"I didn't take a hedge fund job and my amazing girlfriend left me"
I want to share my story as a cautionary tale for anyone who gets an amazing opportunity this year, but doesn't take it, whether from anxiety, imposter syndrome, or simply a misplaced excess of caution about their career.
I'm a London School of Economics graduate in my early 30s. I'm single, and I'm now doing a job that I don't find stimulating. I have also lost the love of my life.
If I'd taken an opportunity that was offered to me a few years ago, I think my life would be completely different.
I grew up in a small city in Northern Europe. I come from a low income family. When I was growing up, we lived on social support. I excelled academically and attended a top tier university in my home country before joining the LSE on a scholarship.
When I graduated, I started out by getting a job on the buyside in my home country. That bored me and so I moved back to London to look for something different. After a few months in the city I met an amazing woman and received an offer to work for a top asset management firm. For a few years, my life was amazing.

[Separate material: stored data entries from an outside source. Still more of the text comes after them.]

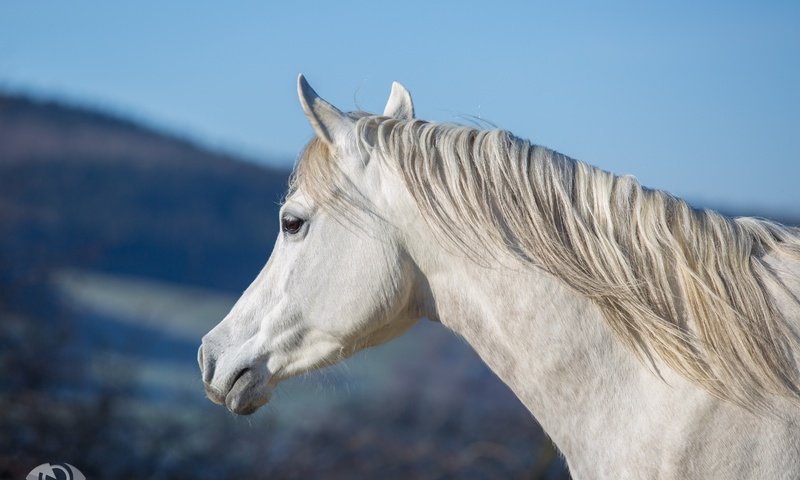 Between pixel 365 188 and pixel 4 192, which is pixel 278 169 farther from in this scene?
pixel 365 188

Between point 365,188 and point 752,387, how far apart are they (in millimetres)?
1145

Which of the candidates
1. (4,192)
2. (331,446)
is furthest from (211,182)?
(331,446)

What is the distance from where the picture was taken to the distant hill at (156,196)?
47.2 feet

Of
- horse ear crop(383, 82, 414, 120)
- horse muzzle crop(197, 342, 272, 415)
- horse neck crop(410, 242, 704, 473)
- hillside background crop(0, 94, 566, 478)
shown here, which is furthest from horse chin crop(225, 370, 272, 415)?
hillside background crop(0, 94, 566, 478)

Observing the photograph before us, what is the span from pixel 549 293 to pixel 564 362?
0.60ft

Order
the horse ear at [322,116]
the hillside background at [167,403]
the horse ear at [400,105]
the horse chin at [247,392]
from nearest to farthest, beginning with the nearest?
1. the horse ear at [322,116]
2. the horse chin at [247,392]
3. the horse ear at [400,105]
4. the hillside background at [167,403]

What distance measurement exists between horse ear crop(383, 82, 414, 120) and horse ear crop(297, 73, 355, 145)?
10.9 inches

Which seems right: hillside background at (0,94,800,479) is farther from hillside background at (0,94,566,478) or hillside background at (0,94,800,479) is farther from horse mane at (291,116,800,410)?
horse mane at (291,116,800,410)

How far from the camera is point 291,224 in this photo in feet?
8.02

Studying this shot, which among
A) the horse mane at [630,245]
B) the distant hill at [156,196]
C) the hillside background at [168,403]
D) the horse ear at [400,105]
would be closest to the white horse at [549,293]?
the horse mane at [630,245]

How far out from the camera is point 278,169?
16312 millimetres

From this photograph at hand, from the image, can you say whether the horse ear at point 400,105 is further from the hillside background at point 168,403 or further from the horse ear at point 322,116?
the hillside background at point 168,403

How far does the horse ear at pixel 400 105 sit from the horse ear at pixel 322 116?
10.9 inches

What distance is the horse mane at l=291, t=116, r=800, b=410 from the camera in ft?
6.56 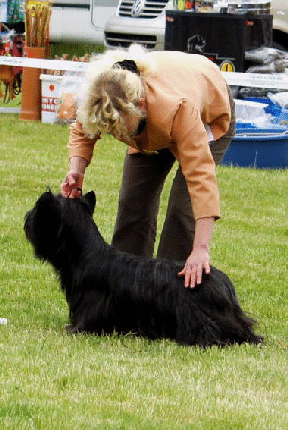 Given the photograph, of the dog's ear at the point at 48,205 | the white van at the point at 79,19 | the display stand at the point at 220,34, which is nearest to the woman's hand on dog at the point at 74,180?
the dog's ear at the point at 48,205

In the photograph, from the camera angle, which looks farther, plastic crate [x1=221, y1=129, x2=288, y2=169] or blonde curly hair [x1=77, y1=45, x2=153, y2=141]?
plastic crate [x1=221, y1=129, x2=288, y2=169]

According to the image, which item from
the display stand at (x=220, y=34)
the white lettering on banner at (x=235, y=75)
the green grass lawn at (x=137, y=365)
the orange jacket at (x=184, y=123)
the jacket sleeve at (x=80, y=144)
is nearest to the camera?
the green grass lawn at (x=137, y=365)

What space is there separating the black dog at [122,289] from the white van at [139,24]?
12927 mm

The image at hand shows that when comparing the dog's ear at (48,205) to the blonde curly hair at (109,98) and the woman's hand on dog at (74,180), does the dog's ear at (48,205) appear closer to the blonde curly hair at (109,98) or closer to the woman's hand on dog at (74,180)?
the woman's hand on dog at (74,180)

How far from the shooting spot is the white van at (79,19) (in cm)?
2144

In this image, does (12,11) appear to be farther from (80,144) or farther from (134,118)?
(134,118)

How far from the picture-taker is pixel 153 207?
19.7 feet

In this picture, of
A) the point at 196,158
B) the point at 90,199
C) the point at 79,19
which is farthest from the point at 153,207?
the point at 79,19

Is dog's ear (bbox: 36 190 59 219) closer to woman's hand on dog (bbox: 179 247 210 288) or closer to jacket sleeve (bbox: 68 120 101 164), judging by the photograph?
jacket sleeve (bbox: 68 120 101 164)

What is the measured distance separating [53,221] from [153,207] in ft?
2.88

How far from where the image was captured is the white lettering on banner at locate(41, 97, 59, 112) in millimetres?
14352

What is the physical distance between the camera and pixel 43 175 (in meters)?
10.9

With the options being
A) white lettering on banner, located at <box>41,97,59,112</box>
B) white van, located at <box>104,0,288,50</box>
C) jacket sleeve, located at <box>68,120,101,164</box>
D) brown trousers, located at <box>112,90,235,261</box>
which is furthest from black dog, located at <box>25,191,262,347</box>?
white van, located at <box>104,0,288,50</box>

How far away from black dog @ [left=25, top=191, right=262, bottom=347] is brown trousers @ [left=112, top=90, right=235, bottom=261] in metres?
0.43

Then, the unexpected happened. During the pandemic, my team was restructured and although I'd had top performance reviews I was let go. A month or so later, I received an offer of a position at a top hedge fund in Mayfair. It was the kind of role I've always wanted, but my confidence had been dented and I wasn't sure whether I would fit in. I deliberated, and decided against doing the role. I took the job I'm currently doing instead.

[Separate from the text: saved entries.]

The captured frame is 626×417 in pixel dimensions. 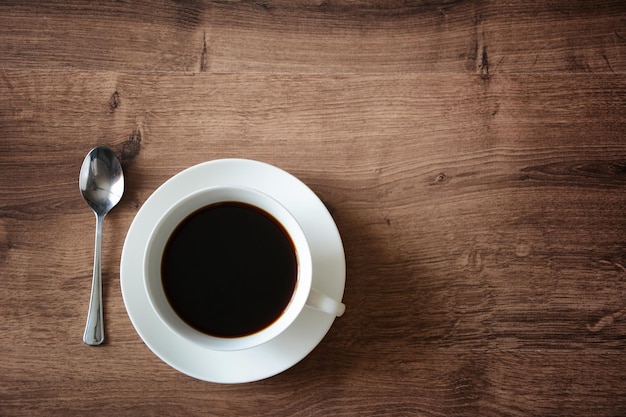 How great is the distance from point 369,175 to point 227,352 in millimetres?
356

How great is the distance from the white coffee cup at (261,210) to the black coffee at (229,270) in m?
0.01

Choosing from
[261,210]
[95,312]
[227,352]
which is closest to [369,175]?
[261,210]

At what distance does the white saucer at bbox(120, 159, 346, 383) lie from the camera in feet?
2.72

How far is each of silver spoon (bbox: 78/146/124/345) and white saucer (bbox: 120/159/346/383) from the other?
0.29ft

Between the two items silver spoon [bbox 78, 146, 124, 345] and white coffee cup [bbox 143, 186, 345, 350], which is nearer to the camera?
white coffee cup [bbox 143, 186, 345, 350]

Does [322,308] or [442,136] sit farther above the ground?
[442,136]

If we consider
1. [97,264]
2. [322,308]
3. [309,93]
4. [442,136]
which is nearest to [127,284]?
[97,264]

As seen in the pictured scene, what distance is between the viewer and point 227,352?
83 centimetres

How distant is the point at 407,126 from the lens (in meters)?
0.94

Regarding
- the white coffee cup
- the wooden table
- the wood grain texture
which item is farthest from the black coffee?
the wood grain texture

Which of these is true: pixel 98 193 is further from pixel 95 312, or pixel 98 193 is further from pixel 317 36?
pixel 317 36

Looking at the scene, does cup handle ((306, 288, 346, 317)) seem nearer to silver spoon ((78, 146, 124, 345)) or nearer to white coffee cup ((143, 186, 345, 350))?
white coffee cup ((143, 186, 345, 350))

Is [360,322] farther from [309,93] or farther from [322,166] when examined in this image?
[309,93]

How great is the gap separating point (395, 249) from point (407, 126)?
0.67 feet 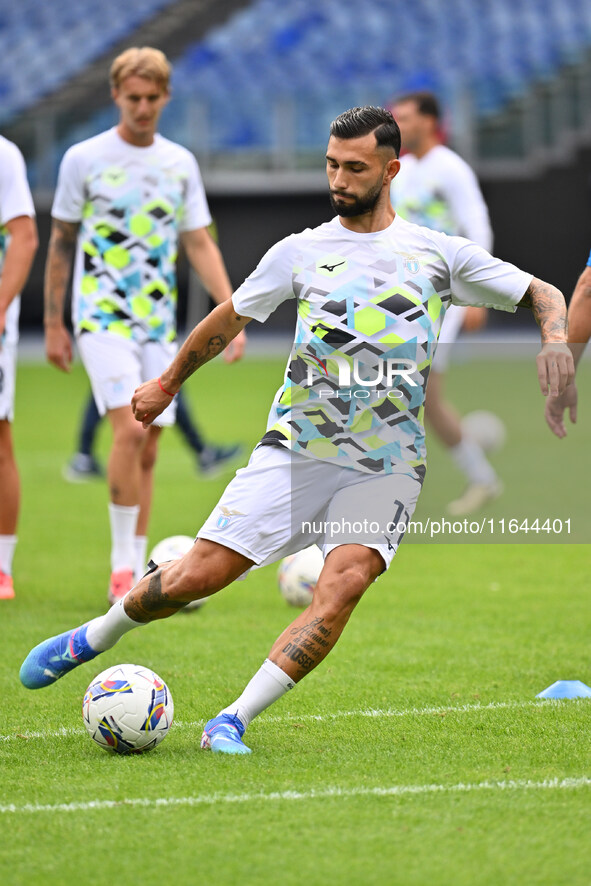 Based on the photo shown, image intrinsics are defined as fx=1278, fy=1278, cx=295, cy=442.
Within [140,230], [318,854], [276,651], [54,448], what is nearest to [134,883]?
[318,854]

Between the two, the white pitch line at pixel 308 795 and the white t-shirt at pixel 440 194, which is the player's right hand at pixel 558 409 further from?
the white t-shirt at pixel 440 194

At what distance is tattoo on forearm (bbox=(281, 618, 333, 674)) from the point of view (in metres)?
4.25

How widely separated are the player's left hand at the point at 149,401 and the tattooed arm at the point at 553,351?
1.32 meters

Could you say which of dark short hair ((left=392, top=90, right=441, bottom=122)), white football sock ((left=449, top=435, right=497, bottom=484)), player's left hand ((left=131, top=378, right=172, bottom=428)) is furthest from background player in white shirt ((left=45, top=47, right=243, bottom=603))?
white football sock ((left=449, top=435, right=497, bottom=484))

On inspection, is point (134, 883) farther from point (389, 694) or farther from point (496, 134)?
point (496, 134)

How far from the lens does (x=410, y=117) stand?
9.38 m

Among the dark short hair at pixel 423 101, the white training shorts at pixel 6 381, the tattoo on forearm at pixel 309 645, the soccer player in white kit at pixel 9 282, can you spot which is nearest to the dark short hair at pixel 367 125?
the tattoo on forearm at pixel 309 645

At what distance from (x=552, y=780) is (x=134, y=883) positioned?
4.72ft

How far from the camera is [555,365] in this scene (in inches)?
163

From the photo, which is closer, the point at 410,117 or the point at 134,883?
the point at 134,883

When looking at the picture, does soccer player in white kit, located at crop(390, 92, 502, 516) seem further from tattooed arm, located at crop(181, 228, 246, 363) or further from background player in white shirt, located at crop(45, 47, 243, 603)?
background player in white shirt, located at crop(45, 47, 243, 603)

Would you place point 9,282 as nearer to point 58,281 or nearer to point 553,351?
point 58,281

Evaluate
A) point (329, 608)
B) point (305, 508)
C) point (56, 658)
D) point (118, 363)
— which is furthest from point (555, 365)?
point (118, 363)

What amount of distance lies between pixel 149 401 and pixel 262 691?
3.58ft
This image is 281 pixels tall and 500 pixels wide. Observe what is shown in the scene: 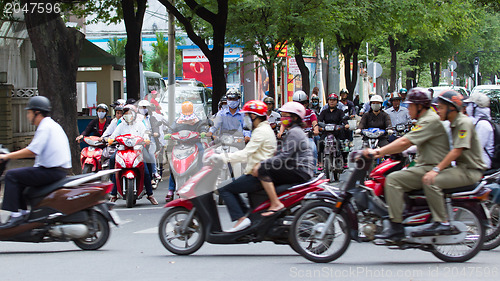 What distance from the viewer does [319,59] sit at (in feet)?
131

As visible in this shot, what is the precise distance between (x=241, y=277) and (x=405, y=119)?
9068 millimetres

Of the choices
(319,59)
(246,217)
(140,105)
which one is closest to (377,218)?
(246,217)

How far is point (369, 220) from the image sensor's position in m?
7.06

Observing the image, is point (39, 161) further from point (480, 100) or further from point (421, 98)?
point (480, 100)

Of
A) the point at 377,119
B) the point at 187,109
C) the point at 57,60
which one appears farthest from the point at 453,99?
the point at 57,60

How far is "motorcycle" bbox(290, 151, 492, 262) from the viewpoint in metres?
6.94

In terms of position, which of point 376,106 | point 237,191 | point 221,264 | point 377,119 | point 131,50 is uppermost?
point 131,50

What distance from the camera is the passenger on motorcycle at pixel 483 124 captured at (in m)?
8.30

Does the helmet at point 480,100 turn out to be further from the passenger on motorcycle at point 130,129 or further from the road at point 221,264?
the passenger on motorcycle at point 130,129

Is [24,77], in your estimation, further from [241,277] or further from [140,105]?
[241,277]

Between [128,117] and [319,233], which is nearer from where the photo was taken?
[319,233]

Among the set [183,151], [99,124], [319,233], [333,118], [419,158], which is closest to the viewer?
[319,233]

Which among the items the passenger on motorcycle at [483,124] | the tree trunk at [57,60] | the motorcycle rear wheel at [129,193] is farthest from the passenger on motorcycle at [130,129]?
the passenger on motorcycle at [483,124]

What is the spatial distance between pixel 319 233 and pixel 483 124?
8.96 ft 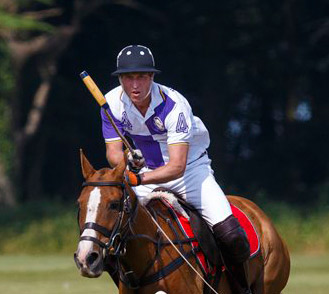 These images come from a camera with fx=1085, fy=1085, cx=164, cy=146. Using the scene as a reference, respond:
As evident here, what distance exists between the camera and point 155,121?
718 centimetres

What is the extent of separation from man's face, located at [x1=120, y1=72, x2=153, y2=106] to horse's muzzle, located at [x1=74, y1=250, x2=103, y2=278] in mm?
1249

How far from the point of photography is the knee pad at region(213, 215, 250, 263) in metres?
7.40

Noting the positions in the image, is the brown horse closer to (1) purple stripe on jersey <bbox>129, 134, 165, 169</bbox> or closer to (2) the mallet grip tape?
(1) purple stripe on jersey <bbox>129, 134, 165, 169</bbox>

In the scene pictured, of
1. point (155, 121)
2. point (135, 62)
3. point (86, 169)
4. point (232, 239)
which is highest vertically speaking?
point (135, 62)

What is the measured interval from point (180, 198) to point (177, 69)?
1122 inches

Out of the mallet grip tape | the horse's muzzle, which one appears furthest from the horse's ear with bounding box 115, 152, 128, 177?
the horse's muzzle

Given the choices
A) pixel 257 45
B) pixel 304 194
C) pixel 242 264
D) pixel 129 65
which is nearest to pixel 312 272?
pixel 242 264

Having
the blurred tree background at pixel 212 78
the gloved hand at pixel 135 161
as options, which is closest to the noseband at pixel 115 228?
the gloved hand at pixel 135 161

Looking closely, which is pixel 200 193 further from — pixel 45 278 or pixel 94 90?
pixel 45 278

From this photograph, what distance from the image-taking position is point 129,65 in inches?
271

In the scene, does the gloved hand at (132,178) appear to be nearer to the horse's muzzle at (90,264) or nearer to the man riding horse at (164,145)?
the man riding horse at (164,145)

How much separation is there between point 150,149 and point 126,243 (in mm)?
829

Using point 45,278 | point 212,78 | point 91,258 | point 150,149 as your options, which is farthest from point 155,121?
point 212,78

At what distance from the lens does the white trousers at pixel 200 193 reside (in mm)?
7430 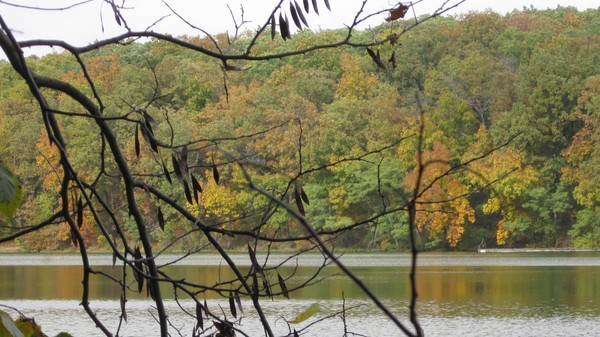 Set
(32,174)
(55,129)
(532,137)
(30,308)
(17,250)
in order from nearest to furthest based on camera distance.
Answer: (55,129)
(30,308)
(532,137)
(32,174)
(17,250)

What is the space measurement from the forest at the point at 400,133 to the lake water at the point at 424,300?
664 cm

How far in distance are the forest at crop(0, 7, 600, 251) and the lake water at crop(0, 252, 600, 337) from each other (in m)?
6.64

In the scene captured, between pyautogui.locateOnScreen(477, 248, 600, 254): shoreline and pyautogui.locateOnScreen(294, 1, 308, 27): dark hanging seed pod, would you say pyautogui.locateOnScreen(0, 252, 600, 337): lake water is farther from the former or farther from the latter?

I can see very clearly now that this was a wrong decision. It was turning point in my life and both my career and personal life have deteriorated since. I've had various other job offers in my current role - including at large banks and assset managers - but none are as good as the hedge fund I turned down, and I haven't taken them up. I feel disillusioned and stuck.
I have also lost my girlfriend. We lived together for nearly five years, but she accused me of becoming negative and changing from the positive person she fell in love with.
I can't change the past, but looking back I think I didn't take the job at the hedge fund because I was scared of failure. And yet, because I didn't take it and went for the safe option, events happened that I didn't foresee. My advice to people reading this is therefore to take risks with your careers. Believe in yourself. Life is short.